Wait. One more thing, and here it is: you can do the same calculations with CPP and OAS, too - calculate the value today of these future entitlements, as a lump sum.


----------



## loggedout

Thanks Moneygal for that informative post, I will look into....This seems like a very involved calculation but in the context of calculating a net worth to what end is this useful?

To make it easy, can I assume that my FV will be AT LEAST worth the sum total of the contributions that I've made? or is that an error?


----------



## MoneyGal

Well...it's a bit of a mind game, I guess. I'm not sure what immediate or practical value it has. 

My point was just that there are many ways of calculating net worth AND that a future stream of lifetime payments has a present value today, and (properly speaking) it should be included in your net worth calculations. 

Particularly if you have a DB pension, it is worthwhile to figure out the APV, and especially if you are comparing your net worth to someone *without* a DB pension. 

For example: think of a "financial facelift" in the newspaper that says so-and-so public servant has a net worth of (let's say) $450K - but their pensions are omitted. Once pensions are included (and properly discounted and valued, this should not be difficult for the "experts" surveyed for these things), their true net worth is now in the millions. 

My larger point is that clear thinking about net worth and particularly about retirement planning (given that's when these streams of income I keep referring to kick in) must include the present value of future streams of lifetime income. 

And to answer your question: it depends on how your pension is funded. But for your purposes, the approach you've laid out is probably fine.


----------



## MoneyGal

Oh - and in case anyone is actually interested in calculating this - let me know, and I will do it for you with the actuarial software I work with.


----------



## the-royal-mail

That's very nice of you MG. I always thought that sorta stuff was billable!

I'm looking at a net worth calculator online and it asks about "Value of pension plan(s):" I'm assuming this is what loggedout is asking about. I would need to look at my statements and see.


----------



## loggedout

Question that I am pondering right now: 

Should I be maxing out my RRSP this year?

Relevant info:

Just turned 31, so far away from retirement.

I have nearly 12k in available room, and I have the $ to invest but I am wondering if it's better to push it forward and/or make investments outside of RRSP.

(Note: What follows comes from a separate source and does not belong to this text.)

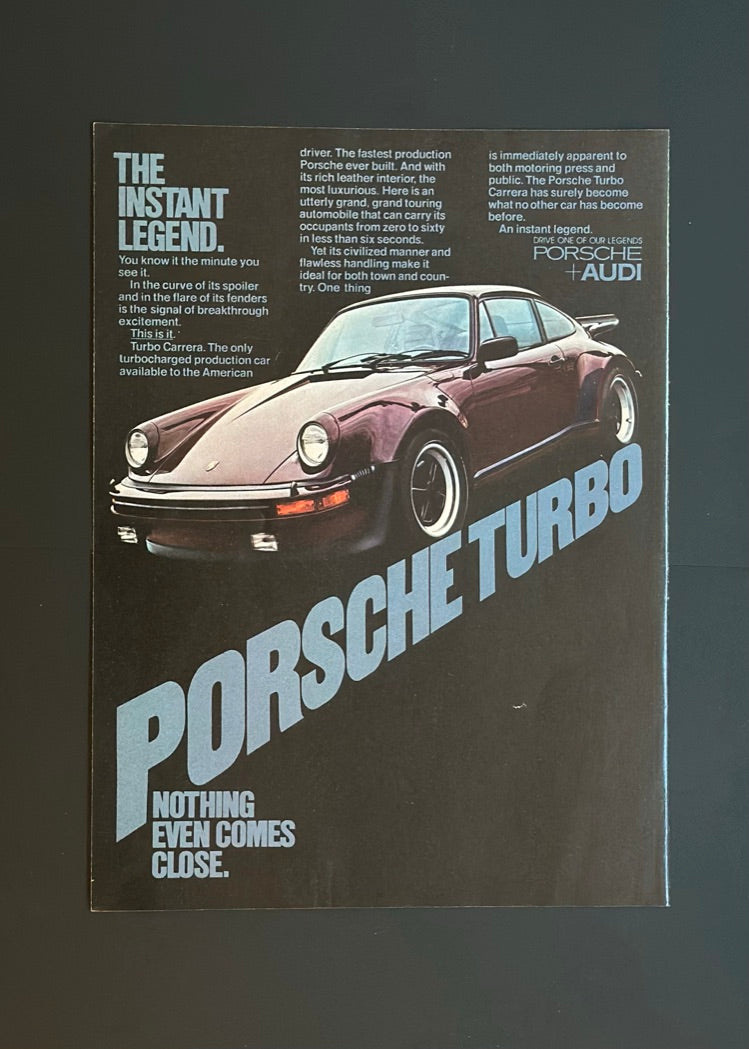 Porsche Turbo – “The Instant Legend” Ad (1970s)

My gross income for 2010 was 100k, and I suspect that my income for this year will be around 20k less than that, if not more, for this coming year. (There's a small chance that I could be laid off or go through a strike)

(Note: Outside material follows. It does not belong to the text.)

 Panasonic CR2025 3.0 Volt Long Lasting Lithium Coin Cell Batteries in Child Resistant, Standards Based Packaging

I will be topping out my TFSA regardless.

Thanks.


----------



## the-royal-mail

If labour uncertainty is before you this is definitely NOT the time to lock your money into an RRSP or similar. Keep the cash for a few months until you see what happens. If you go on strike you'll need that cash. Good luck.


----------



## loggedout

Thanks. I should have added that most of what I have is basically cash already, outside of the RRSP and pension, so I am not worried about that in the context of being without income for a while.


----------



## steve41

Put it in your RRSP, take the refund. At 100K gross income, I don't see how you can afford not to.


----------



## Rico

loggedout said:


> Thanks. I should have added that most of what I have is basically cash already, outside of the RRSP and pension, so I am not worried about that in the context of being without income for a while.


I can see why. For example, if you lost your job:

Your expenses are around $2200/mo (from your first post) which includes 250 in gas (commuting I assume). If you're not working, you're not driving as much but let's use the $2200 anyway. One year's living is around $27000. I would guess EI would come into play and it might not take a year to find similar (or other) work? My point is, you have more than enough saved or available (e.g., demand loan to parents) without feeling any sort of cash crunch. So, I think maxing the RRSP is an easy choice.

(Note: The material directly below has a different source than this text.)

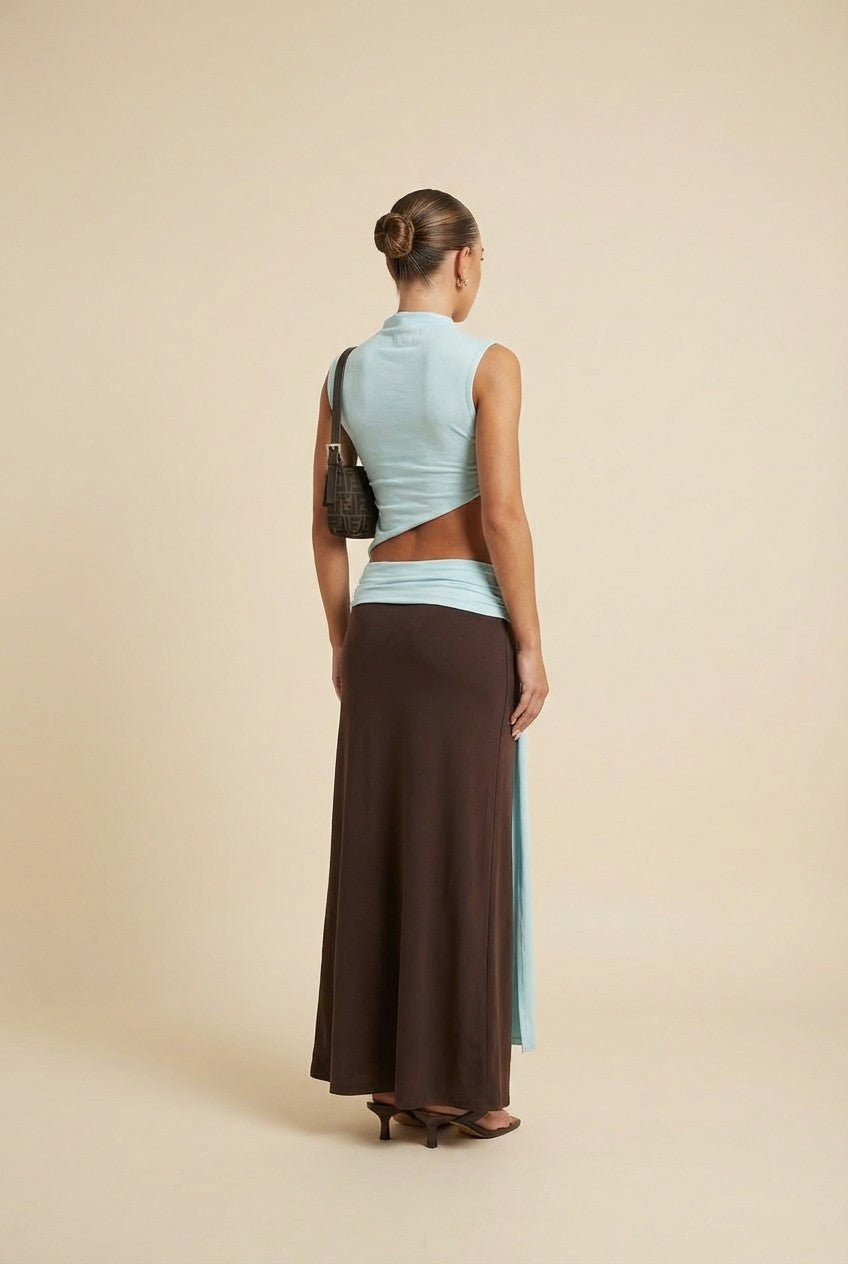 Color Block Asymmetric Ruched Two Piece Maxi Skirt Set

What are your thoughts about investing in real estate/property? Do you plan to rent even into retirement? What is your plan for retirement (when, where, what does it look like to you?). Lastly, are you having at least some fun with a bit of your money here and there?


----------



## NLOIL

*Loggedout*

Interesting post.....basically what I take from reading this post is that you need to do alot of reading.....read everything you can on investing.....some people say nay to the stock market, but everything we do in life revolves around the market, so one might as well learn how to profit from/within it, as opposed to it......Loggedout said, "oh well" in regards to having purchased shares of MCD outside of an RRSP.....and you said you purchased shares of those three companies so that the money wouldn't be doing, "nothing."

No offense, and I could be reading into your post way too much, but your attitude toward investing is exactly the kind of attitude that gets people burned and then they turn around and tell others to avoid the market.....

Investing in MCD outside of an RRSP in canada was not just a rookie mistake, it demonstrates your lack of knowledge in regards to investing.....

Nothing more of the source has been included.